As we approach world anti-bullying day, the focus for another year is firmly set on the landscape of cyber bullying.
Suicide is one of the largest killers of our youths and is on the rise around the nation, with the incidents of cyber-related youth suicide at an all time high. And while many of us will open a much needed conversation on how to empower and equip our younger generations with the skills to handle cyber-bullies, I can’t help but bring your attention to one glaring issue…is it really necessary for our children to be on social media?
Without fail your gut reaction will be yeah, of course, it’s the times we live in and all their friends are doing it. However it’s that exact mentality that is contributing to the rise in cyber related suicides.
Rewind the clock 20 years and the likes of Facebook and Instagram were a laughable distant thought. Something you may see on Beyond 2000 but had very little belief would happen. Jump to today and the average person is attached to their mobile appendage like it’s pumping blood directly to the heart. We simply can’t live without it…me included. This however is something I’m not actually proud of!
Bullying is something that exists. Unfortunately, blunt though I sound, you can’t completely eliminate bullying, it’s some people’s way of behaving. We can however work with it, both the bullies, and the victims. Empower those who need to be and de-power the bullies. And we can reduce the amount of social media bullying by simply saying…no to social media for kids.
I was a sensitive (still am) kid.

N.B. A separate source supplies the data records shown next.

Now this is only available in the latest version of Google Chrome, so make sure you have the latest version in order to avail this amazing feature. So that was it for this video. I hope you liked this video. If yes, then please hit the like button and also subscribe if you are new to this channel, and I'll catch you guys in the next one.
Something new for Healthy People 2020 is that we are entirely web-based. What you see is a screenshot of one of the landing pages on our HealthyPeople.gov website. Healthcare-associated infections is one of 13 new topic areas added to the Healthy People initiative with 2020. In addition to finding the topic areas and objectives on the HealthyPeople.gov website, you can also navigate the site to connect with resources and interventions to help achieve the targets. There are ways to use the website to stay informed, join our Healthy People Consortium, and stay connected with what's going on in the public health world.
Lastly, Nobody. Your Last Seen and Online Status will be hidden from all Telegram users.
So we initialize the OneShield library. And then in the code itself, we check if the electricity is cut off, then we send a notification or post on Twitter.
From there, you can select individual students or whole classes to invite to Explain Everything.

I was bullied and I struggled with anxiety, depression and insecurity through my youth. I think about my struggles and I’m simply grateful that social media wasn’t around to magnify the situation…I don’t know how I would have coped, if I would have coped.
Parents do have one element of control over this dangerous world and that’s simply to say no! Now before you yell at me and say it’s too hard and kids need to learn and will be left out…hear me out!

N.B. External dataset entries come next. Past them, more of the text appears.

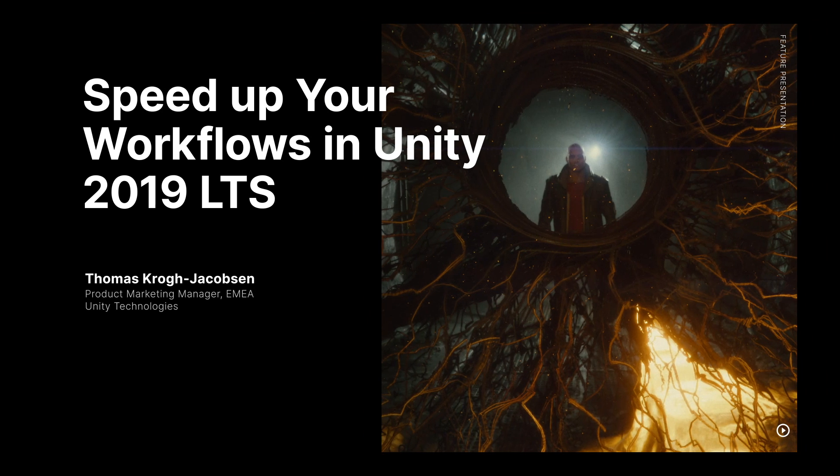Hi everyone, my name is Thomas Jacobsen and I'm a technical program marketing manager at Unity. One of the things I have the privilege of working on at Unity is the releases.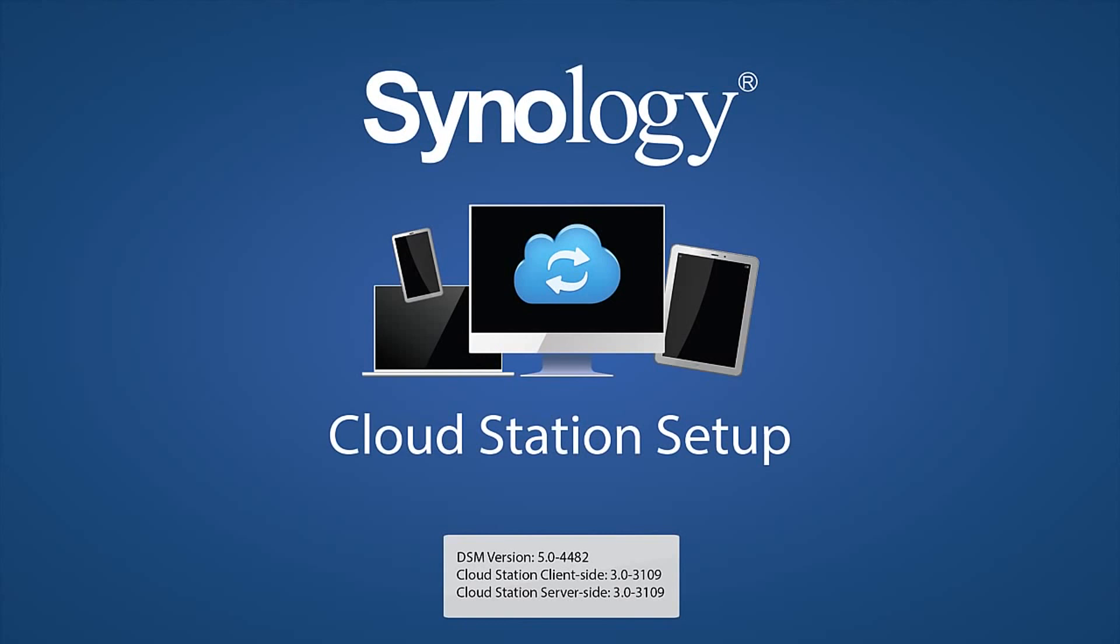Bi-directional sync, file versioning, and collaboration are only some of the features that Cloud Station provides. We'll show you how to get started in this video.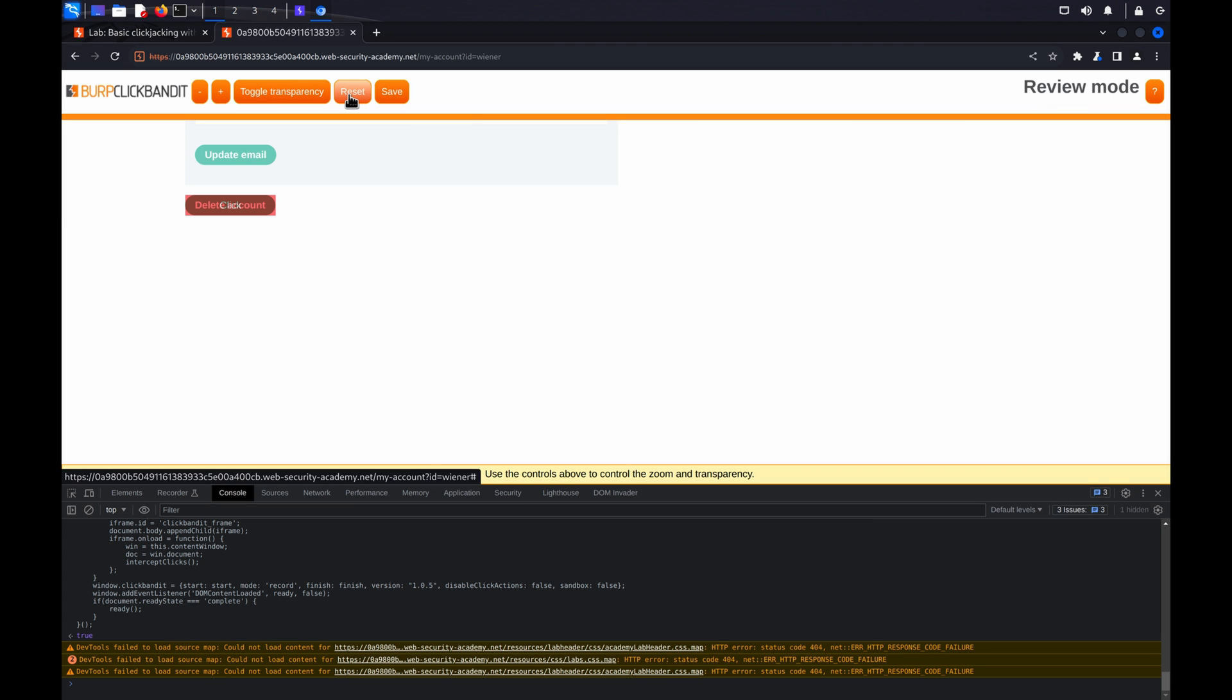In review mode, ClickBandit replays your click journey around the target site with an attack UI overlaid, mimicking a real-world clickjacking attack. You can now click the Attack UI buttons to verify each stage of the clickjacking attack.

I know it’s bloody hard to say no to kids! I get it! It’s hard enough to tell a toddler they can’t have another glass of milk let alone a young teen they can’t be on facebook! Yes you’re going to be hated. Yes you’ll be the worst person… but guess what you’re also being a parent! Parenting sux at times and this is one of them! If your kids don’t have friends and feel completely isolated by not having social media then I suggest you look at your school and the social environments of your children.
I remember when I was 12, I wanted a Nintendo 64 and a game boy. The answer was a simple NO. No discussion, nothing! I begged, I pleaded and I told my parents my friends would hate me if I didnt have what they had. My parents stood their ground, and you know what? Life went on. My friends didn’t care. They still liked me and it was something we just didn’t talk about. It was hard, but my parents did it because they were fighting for what they believed, and we deserve to do it for our kids.
The landscape is oh so much more dangerous now. Kids are taking their lives, so more than ever it’s time for parents to man up. Children will not lose computer skills by not being on social media. They will not fall behind. They can learn when their maturity is developed and when they are ready. It will not alter their intellectual outcomes or jeopardise their futures.
Despite their negotiations, teenagers are not actually adults and for a very good developmental reason and that’s they simply don’t have adult maturity.
So ask yourself this. While you are trying to arm your kids with the best skills possible to beat cyber bullying (and you should most definitely!), ask yourself do they really need to be on social media? Are they really old enough? Mature enough? And is it actually necessary or should you switch it off and head back to reality?
Are YOU the parent giving in to social demand? It might be a battle but your job isn’t to give them what they want but to fight for them to make it to adulthood equiped with power and skill!
Let’s look after our kids…don’t give bullies the platform! Don’t let your kids on social media until they really are old enough for it. And remember…if they want to speak to their friends, the phone still works!